Anyone who has read poetry that is considered to be difficult will know that engagement initially depends on using probability to work with sparse data. For example, I don’t know that Prynne’s ‘grow up to main’ refers to Ulster Protestant anxiety about demographic trends but I can demonstrate that such an inference does have more than a chance of being correct. Of course that also depends on the level of likelihood that the recent civil war is one of the themes of the ‘Streak Willing’ sequence and both of these depend on information acquired prior to reading the poem and what feels like a rough calculation of the odds.

If we think of difficult lines or phrases as what the article decsribes as ‘latent variables’ i.e. data that is unobserved or hidden from us then the Bayesian rule can be applied.

In low pale extradite. A day this one assign
yours grow up to main, leaf round and round the
cost plus crush split stamina. Me such unarm
same peril fovea pass fire mantle and glib overt

There are many latent variables in the above, one of the many pleasures of paying attention to Prynne is that each and every phrase may contain data that has several different meanings. I’ve chosen ‘grow up to main’ because it’s one phrase that appears to point in a reasonably specific direction and is one that I’ve used in my head to work out what the Bayesian rule might be.

This is the passage that struck home with me:

Bayesian inference gives a rational framework for updating beliefs about latent variables in generative models given observed data.

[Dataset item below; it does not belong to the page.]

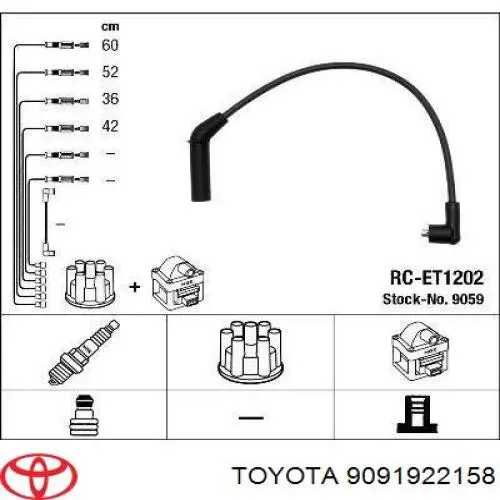 Do koszyka Zestaw przewodów wysokiego napięcia Toyota Corolla  E9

Background knowledge is encoded through a constrained space of hypotheses H about possible values for the latent variables, candidate world structures that could explain the observed data. Finer-grained knowledge comes in the “prior probability” P(h), the learner’s degree of belief in a specific hypothesis h prior to (or independent of) the observations. Bayes’s rule updates priors to “posterior probabilities” P(h|d) conditional on the observed data .

The posterior probability is proportional to the product of the prior probability and the likelihood P, measuring how expected the data are under hypothesis h, relative to all other hypotheses h′ in H.

(I’ve removed the quite scary sum that occurs in the middle of this because I don’t understand it and because of the limitations of the WordPress formatting monster.)

The constraining of hypotheses in poetry reading terms is the narrowing down of an infinite number of subjects to ones suggested or alluded to elsewhere in the sequence and knowledge of what Prynne tends to write about. Both of these would point to politics – imperialism – recent conflicts – Iraq, Afghanistan, Ulster and further refinement led me to Ulster as a constrained hypothesis as to what the sequence may be about.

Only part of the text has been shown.